In United States ex rel. E & H Steel Corp. v. C. Pyramid Enter., Inc., 509 F.3d 184 (3d Cir. 2007), the Third Circuit ably restated the law applicable to a subsection (b)(2) claim consistent with the Supreme Court's governing precedents. Rather than focusing, as courts often have, on "laundry lists of factors" to determine whether a party is a "subcontractor" within the meaning of the Miller Act, see, e.g., United States ex rel. Conveyor Rental & Sales Co., v. Aetna Cas. & Sur. Co., 981 F.2d 448, 451-52 (9th Cir. 1992), the Third Circuit focused its analysis "on the formulas provided by the Supreme Court, vague as they are:"

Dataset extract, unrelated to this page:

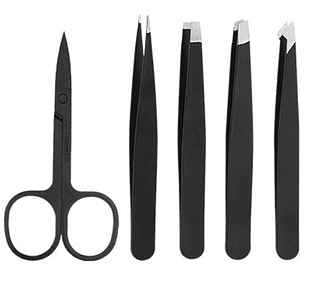 Kit de 4 Pinças e Tesoura, Cor Preto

We begin with the premise that the Miller Act is to be interpreted liberally to protect persons who supply labor or materials for government construction projects. That protection is restricted to parties who are no more distant from the prime contractor than sub-subcontractors. J.W. Bateson Co., 434 U.S. at 591.[] "Subcontractor" status may extend to those who supply necessary material, as well as to those who incorporate items into the structure.E & H Steel, 509 F.3d at 188-89.
Neither the Miller Act nor the Supreme Court make a distinction between those who supply complex or simple material, nor do they differentiate between projects involving simple and complicated structures. The Court's definition of a "subcontractor" is "one who performs for and takes from the prime contractor a specific part of the labor or materials required by the original contract." MacEvoy, 322 U.S. at 109. A "subcontractor" must have a substantial and important relationship with the prime contractor. F.D. Rich, 417 U.S. at 123. The prime contractor's ability to require the posting of a bond is also an indication of where the risk of financial loss should fall. Id. at 123-24.
In J.W. Bateson Co. v. United States ex rel. Board of Trustees, 434 U.S. 586 (1978), the Court held that union employees of a "sub-subcontractor" could not recover on the payment bond because they did not have a contractual relationship with the prime contractor or a subcontractor.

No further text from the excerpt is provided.